= Hugh McColl (pioneer) =

Australian politician

Hugh McColl (22 January 1819 – 2 April 1885) was a Scottish-born irrigation pioneer and politician in Australia.

McColl was born in Glasgow, eldest son of James McColl and his wife Agnes, née Cowan and worked for fifteen years as a bookseller. Marrying in 1843, the family decided to emigrate to Victoria; McColl's wife died on 2 January 1853 on board the Emigrant as they approached Melbourne.

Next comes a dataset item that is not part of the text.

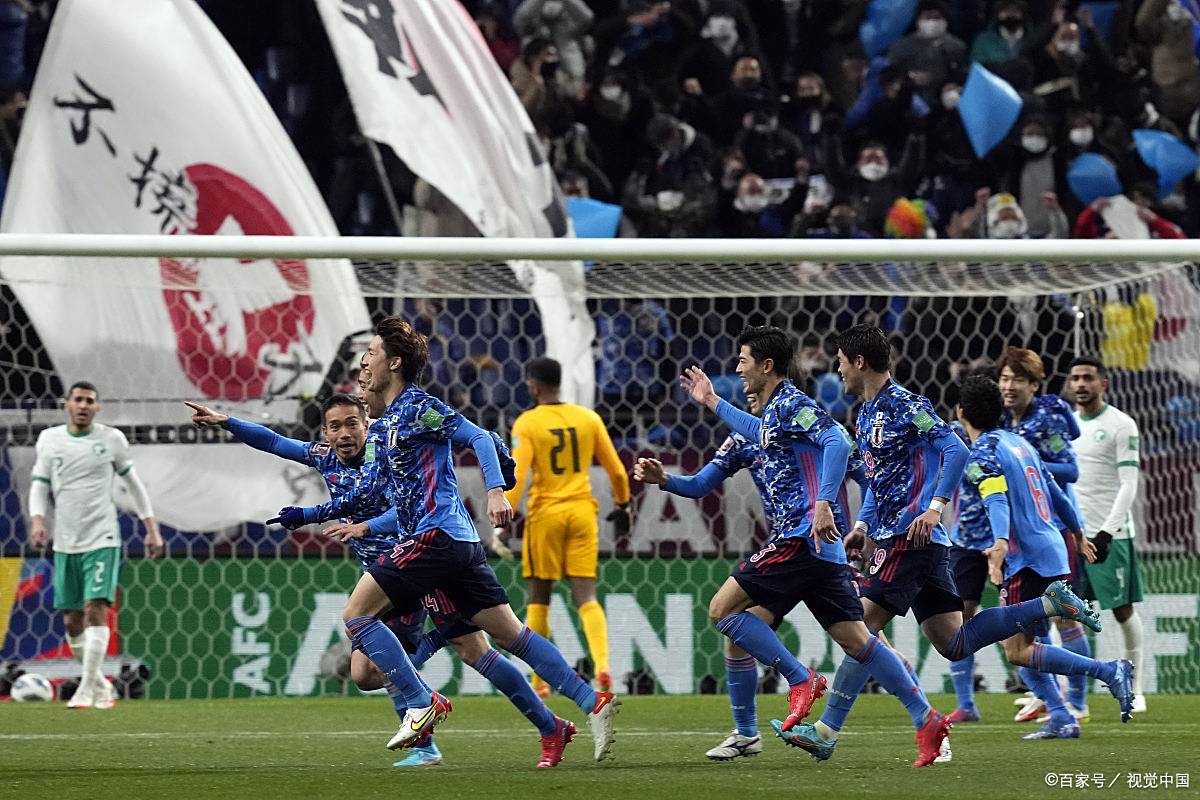 九游下载-训练课后亚冠焦点战，西汉姆完成远射贴柱，管理层满意，轮换策略被讨论的简单介绍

McColl worked as a publisher, commercial traveller and legal manager for a Sandhurst gold-mining company. From 1865 McColl was honorary secretary of the Sandhurst and Castlemaine Water Supply Committee, this supported development of the Coliban River. In 1874 McColl became secretary of the Grand Victorian North West Canal, Irrigation, Traffic and Motive Power Co. Ltd. The plan to provide vast canals for inland Australia eventually faded away except for McColl's vision for canals which later became the basis of the Goulburn irrigation system.

After three failed attempts, McColl was elected member for the Mandurang in the Victorian Legislative Assembly in 1880 and advanced water conservation and irrigation. His son James Hiers McColl (1844-1929) was minister of water supply in 1893-94 and later a Federal politician.